Mais en ce début d'après-midi ensoleillé, les sympathisants socialistes n'ont que faire du parcours du mari de Najat Vallaud-Belkacem. L'assemblée ne demande rien d'autre qu'un successeur à Arnaud Montebourg. Les attentes sont grandes : à Frangy-en-Bresse, Montebourg bénéficie d'une cote de popularité à faire pâlir Emmanuel Macron. Ici, personne n'a oublié sa sortie sur «la cuvée du redressement» en 2014 qui l'obligea finalement à démissionner du gouvernement après la colère de François Hollande. Tout le monde sait également que c'est le frondeur qui a relancé la fête de la Rose alors en perdition au début des années 2000.
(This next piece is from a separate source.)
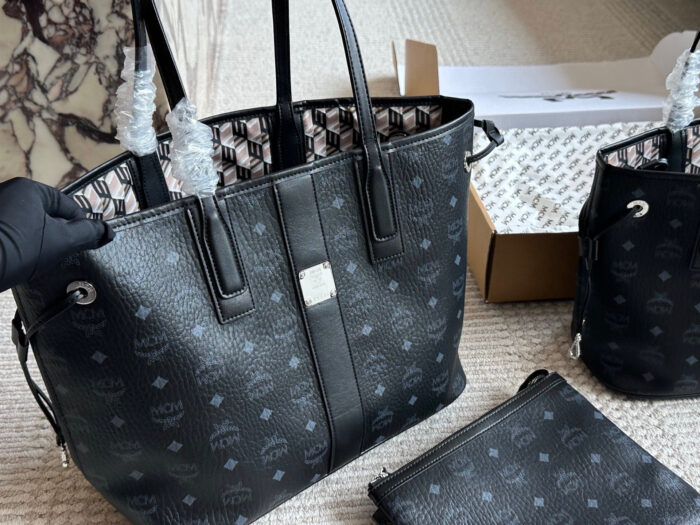 Mcm New Arrival Reversible Tote Bag Visetos-Print Coated Canvas Removable Inner Pouch Handheld, Shoulder, Crossbody - Image 2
Deux paires de couverts en plastique plus loin, Paul attend donc impatiemment l'allocution de Boris Vallaud, prévue à 15 heures. La venue du député des Landes (et invité d'honneur de cette 45e édition) suscite quelques espoirs chez l'homme de 58 ans : «On en a déjà marre de se laisser marcher sur le bout des doigts de pieds par Macron. Aujourd'hui, c'est le top départ pour un nouveau PS. J'espère que c'est ce qu'on va nous dire tout à l'heure», explique-t-il, verre de rosé à la main. «Avec tout ce qui se passe au PS, on est un peu perdu. Je souhaite que ce moment nous serve à y voir un peu plus clair. C'est ce qu'on attend de cette journée», renchérit Maryse, lunettes violettes au bout du nez.
«Changer le monde»
L'heure des prises de parole arrive. Après un discours de Jean-Christophe Picard, président de l'association Anticor, puis de Cécile Untermaier, députée de Saône-et-Loire, vient le tour du porte-parole du groupe Nouvelle Gauche au Parlement. Forcément, le député des Landes commence par un hommage à Arnaud Montebourg. «Merci de m'avoir appris à penser librement», lâche-t-il sous le regard attendri de l'ancien ministre de l'Economie. Pour le reste, le parlementaire s'adresse directement à la grosse centaine de sympathisants face à lui. Et pour être sûr d'être à la hauteur des attentes, Boris Vallaud ne prend pas de risques. En citant Victor Hugo, en dénonçant la politique ultralibéraliste d'Emmanuel Macron et la rémunération de certains chefs d'entreprise, en rappelant l'importance de la gauche dans le paysage politique français, la nouvelle figure du PS n'est guère imprudente.
«Il n’y a pas d’un côté le peuple éclairé d’En marche et de l’autre la foule imbécile de l’opposition. De notre côté, nous savons regarder la réalité en face avec nos réussites et nos échecs. Nous ne cherchons pas à nous décrasser de ce que nous sommes fondamentalement, c’est-à-dire de gauche […]. Ce qui nous distingue, c’est que nous ne confondons pas la modernité avec la mode […]. Nous ne devons pas renoncer à changer le monde», déclare-t-il. Certains jubilent, beaucoup applaudissent, d’autres n’écoutent plus. Qu’importe, Boris Vallaud a convaincu. Arnaud Montebourg peut aller faire du miel apaisé.